Segment Start: Information given
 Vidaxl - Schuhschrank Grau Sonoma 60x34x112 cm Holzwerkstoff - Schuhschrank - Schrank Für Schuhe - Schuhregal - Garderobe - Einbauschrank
Segment End: Information given
Segment Start: Information given
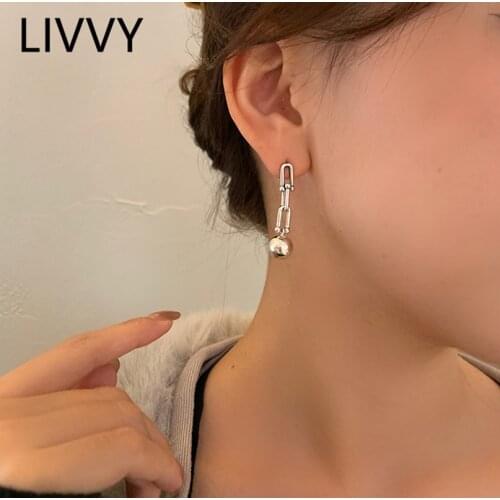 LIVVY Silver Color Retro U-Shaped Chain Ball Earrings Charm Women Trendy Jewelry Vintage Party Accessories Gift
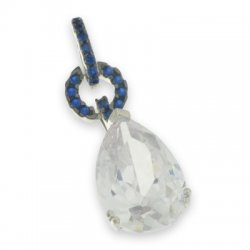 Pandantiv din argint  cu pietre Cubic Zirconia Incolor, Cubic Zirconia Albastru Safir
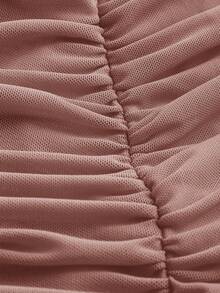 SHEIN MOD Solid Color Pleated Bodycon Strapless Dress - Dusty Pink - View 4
Segment End: Information given
• _Exercise details_
The answer must be the lines above from the one containing "Pandantiv din argint" through the one containing "SHEIN MOD Solid", reproduced exactly, with no pictures and nothing else.

• _Solution to this task_
 Pandantiv din argint  cu pietre Cubic Zirconia Incolor, Cubic Zirconia Albastru Safir
 SHEIN MOD Solid Color Pleated Bodycon Strapless Dress - Dusty Pink - View 4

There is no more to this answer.